In its report, the Guardian claimed the 16 euro zone members had agreed on "co-ordinated bilateral contributions" in the form of loans or loan guarantees to Greece if Athens is unable to refinance its debts and asks the European Union for help.
The agreement was reached despite strong resistance by Germany, and Berlin has played the pivotal role in organising the deal, the paper quoted other sources as saying.
Euro zone finance ministers will finalise the package on Monday, the paper said.
The aid to be made available by the bailout could reach €25 billion, the paper quoted its sources as saying. Greece's borrowing needs for the whole of 2010 total €53.2 billion.

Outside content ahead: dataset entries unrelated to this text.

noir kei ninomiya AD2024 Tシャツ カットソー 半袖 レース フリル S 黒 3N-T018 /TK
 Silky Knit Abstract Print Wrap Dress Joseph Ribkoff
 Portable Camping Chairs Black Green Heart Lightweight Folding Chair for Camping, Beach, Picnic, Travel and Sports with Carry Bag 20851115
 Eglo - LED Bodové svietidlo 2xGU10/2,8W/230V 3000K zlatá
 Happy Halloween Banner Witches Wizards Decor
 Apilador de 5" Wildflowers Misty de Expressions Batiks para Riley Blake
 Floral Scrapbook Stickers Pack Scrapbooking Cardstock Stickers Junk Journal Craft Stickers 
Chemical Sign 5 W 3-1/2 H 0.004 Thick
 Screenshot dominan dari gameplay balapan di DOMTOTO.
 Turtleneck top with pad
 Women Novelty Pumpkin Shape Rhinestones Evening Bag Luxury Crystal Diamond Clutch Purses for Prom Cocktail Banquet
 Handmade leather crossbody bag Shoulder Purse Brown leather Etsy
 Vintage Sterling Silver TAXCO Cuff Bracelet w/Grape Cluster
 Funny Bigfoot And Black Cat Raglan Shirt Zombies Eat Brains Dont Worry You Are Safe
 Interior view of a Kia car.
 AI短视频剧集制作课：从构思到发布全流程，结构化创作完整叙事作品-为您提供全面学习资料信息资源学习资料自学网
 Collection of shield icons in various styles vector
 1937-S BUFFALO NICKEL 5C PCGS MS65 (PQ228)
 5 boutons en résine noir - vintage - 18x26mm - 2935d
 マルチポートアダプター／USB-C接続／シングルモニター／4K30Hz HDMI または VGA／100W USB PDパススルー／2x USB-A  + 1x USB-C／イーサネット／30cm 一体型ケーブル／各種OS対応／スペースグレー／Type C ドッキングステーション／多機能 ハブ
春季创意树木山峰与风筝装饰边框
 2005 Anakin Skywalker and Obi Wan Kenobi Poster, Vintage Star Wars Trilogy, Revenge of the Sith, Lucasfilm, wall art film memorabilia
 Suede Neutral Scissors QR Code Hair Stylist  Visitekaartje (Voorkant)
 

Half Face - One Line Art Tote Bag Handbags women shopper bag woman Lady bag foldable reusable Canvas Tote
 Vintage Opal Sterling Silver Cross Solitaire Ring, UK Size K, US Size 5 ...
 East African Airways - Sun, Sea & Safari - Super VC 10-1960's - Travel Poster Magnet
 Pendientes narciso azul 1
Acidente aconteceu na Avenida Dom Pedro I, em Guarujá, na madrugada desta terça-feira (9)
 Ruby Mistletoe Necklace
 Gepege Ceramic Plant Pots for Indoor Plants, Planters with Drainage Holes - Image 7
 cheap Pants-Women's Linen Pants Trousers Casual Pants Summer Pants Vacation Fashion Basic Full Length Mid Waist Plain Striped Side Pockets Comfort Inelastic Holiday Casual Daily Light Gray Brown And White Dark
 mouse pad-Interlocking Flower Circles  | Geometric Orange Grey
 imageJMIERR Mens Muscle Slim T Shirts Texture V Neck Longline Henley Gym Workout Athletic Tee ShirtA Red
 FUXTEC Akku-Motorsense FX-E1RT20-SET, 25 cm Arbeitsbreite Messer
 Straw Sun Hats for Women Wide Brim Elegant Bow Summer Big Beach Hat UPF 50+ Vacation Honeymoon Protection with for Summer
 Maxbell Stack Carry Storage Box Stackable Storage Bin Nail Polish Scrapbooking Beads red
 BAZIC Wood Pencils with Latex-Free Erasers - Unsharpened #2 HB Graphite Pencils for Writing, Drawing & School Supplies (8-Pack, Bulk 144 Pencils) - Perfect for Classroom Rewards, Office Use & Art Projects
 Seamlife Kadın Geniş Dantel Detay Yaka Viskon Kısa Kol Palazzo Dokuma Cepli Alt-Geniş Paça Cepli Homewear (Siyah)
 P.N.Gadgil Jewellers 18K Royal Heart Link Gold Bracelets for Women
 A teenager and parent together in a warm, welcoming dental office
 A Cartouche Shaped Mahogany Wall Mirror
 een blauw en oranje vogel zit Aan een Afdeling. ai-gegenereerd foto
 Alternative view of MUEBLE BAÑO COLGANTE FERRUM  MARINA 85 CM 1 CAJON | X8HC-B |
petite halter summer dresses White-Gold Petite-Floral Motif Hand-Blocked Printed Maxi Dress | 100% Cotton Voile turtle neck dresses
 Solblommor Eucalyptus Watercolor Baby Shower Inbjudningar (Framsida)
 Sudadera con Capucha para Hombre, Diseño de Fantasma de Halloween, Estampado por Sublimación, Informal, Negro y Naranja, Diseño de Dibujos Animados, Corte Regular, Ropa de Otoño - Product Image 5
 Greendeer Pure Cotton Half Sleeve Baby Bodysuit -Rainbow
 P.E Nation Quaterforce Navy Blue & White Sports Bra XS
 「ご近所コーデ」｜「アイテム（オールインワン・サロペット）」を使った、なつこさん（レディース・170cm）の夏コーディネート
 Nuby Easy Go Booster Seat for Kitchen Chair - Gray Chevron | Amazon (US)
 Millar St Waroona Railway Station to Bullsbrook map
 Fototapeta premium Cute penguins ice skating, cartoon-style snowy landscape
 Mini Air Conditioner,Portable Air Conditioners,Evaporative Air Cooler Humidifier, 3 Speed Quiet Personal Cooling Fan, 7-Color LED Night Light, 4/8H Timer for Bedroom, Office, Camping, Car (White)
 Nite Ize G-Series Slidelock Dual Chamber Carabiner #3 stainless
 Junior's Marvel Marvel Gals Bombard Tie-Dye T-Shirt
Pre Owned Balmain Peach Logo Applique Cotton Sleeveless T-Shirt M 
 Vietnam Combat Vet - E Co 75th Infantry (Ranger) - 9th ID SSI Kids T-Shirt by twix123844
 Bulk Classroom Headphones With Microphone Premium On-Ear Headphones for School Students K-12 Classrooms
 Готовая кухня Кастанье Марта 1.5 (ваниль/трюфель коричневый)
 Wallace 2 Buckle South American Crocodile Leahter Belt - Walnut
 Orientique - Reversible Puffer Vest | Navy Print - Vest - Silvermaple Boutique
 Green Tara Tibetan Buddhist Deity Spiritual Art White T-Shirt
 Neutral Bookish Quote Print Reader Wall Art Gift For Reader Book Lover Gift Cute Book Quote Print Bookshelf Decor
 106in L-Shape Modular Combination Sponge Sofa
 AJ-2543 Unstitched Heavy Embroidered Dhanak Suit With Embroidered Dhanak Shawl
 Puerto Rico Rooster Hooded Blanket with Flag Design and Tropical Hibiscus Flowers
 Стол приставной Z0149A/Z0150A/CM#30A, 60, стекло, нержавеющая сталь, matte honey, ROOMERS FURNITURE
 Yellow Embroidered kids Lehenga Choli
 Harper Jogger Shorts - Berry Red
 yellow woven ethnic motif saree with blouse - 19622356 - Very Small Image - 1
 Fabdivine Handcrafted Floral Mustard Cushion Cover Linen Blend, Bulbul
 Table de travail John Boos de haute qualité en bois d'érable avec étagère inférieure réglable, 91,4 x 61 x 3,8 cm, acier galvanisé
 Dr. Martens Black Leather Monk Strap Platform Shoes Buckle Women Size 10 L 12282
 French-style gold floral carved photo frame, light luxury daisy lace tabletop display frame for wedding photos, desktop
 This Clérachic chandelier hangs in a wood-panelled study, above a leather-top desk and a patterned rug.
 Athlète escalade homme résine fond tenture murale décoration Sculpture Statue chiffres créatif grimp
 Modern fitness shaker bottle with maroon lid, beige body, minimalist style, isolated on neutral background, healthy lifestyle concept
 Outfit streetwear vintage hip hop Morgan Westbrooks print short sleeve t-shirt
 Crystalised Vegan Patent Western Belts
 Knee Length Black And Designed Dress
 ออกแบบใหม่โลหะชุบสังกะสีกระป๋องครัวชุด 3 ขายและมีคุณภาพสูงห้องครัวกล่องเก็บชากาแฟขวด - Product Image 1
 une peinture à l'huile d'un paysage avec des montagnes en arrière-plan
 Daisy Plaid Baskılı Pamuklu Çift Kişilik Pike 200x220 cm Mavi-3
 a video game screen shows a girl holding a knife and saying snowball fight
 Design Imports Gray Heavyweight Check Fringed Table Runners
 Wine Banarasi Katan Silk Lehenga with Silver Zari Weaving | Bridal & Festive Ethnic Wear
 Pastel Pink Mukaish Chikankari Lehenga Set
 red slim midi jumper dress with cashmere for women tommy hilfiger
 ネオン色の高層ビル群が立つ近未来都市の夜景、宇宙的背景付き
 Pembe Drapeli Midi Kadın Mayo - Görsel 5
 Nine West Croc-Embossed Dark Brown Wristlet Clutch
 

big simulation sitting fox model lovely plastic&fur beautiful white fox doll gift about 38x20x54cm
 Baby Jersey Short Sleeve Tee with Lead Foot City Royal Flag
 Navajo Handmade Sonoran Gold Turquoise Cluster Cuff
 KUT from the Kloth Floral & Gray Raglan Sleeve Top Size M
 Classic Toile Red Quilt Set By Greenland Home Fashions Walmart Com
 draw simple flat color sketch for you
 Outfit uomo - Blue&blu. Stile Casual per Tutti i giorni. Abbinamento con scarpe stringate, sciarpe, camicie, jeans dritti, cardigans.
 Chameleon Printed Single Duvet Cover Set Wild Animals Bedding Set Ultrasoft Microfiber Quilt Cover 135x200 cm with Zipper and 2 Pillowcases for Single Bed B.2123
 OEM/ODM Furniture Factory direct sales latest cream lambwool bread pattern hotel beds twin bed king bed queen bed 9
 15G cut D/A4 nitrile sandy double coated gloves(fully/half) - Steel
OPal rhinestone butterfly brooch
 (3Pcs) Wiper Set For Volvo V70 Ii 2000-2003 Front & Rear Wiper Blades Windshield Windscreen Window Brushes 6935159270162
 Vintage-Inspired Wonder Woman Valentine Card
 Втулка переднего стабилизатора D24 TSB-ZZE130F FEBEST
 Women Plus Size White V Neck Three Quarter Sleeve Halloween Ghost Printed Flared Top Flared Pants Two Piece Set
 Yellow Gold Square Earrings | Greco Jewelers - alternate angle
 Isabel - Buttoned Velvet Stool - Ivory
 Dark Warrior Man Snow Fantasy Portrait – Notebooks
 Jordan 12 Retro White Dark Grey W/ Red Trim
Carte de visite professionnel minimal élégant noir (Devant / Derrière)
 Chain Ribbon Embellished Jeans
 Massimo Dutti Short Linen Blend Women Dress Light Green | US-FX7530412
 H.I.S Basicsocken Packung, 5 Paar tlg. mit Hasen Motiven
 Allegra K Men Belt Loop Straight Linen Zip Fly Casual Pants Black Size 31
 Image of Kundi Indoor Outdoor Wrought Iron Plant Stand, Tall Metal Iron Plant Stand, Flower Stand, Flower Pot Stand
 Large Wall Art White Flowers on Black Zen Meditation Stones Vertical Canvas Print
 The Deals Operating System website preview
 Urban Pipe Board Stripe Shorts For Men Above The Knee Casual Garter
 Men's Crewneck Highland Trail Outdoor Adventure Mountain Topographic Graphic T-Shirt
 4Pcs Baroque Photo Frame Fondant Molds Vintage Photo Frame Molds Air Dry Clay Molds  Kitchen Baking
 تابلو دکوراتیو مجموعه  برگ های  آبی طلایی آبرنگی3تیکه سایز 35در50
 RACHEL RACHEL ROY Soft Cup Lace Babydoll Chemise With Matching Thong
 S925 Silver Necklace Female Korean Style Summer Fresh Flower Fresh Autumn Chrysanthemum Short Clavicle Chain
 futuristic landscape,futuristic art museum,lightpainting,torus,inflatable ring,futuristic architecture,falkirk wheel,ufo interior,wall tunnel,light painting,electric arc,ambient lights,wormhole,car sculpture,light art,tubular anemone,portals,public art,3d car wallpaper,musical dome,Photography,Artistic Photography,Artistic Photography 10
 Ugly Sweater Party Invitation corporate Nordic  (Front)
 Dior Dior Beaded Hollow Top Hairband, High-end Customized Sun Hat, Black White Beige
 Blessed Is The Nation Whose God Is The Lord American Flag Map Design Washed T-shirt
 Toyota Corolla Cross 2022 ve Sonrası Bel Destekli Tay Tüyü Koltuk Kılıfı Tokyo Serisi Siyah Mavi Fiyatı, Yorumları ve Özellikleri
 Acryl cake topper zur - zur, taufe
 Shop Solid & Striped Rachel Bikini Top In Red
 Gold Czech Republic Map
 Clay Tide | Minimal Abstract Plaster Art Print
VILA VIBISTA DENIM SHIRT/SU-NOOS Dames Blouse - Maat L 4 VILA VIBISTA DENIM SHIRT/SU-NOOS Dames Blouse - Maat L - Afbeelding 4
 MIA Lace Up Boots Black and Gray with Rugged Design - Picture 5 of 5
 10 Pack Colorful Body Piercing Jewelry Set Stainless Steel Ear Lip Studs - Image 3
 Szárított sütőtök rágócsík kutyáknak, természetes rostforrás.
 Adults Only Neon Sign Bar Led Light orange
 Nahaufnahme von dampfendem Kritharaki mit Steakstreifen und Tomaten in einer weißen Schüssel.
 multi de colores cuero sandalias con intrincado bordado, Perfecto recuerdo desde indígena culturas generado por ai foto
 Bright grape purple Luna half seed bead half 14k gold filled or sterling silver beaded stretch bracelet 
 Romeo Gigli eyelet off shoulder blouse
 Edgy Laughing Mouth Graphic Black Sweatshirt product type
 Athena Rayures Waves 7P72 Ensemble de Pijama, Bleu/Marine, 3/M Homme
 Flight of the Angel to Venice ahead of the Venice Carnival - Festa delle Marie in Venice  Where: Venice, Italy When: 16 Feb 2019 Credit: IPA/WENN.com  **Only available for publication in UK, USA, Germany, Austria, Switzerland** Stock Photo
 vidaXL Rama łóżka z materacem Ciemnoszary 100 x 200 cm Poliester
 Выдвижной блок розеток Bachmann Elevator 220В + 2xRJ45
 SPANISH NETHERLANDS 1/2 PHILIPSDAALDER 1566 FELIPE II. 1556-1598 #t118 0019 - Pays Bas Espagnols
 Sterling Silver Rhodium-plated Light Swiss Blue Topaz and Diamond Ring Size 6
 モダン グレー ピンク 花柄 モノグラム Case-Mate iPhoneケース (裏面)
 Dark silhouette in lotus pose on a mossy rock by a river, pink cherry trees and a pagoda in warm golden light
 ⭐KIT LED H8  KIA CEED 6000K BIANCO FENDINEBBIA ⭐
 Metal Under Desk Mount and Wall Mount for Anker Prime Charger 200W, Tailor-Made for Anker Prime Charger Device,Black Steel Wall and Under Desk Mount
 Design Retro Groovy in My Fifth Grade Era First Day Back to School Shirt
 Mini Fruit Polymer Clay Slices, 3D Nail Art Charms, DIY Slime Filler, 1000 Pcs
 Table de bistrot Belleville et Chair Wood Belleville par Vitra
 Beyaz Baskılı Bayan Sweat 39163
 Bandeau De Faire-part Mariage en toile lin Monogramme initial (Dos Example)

Greece, labouring under a crippling debt burden, announced a €4.8 billion package of austerity measures last week designed to reduce its budget deficit to 8.7 per cent of GDP this year from 12.7 per cent in 2009.
It has been paying a high premium over benchmark European bonds to raise funds, the yield spread of 10-year Greek government paper over bunds topping 400 basis points in January.
The bailout "will be a coordinated approach of bilateral contributions . . . a bilateral contribution can be a loan or a loan guarantee. The guarantees will facilitate the kind of funds potentially needed in this context," the paper quoted the senior commission official as saying.
The agreement has been tailored to avoid breaking the ban, in the rules governing the operation of the euro currency, on a bailout for a country on the brink of bankruptcy, and to avoid a challenge by Germany's supreme court, the official addded.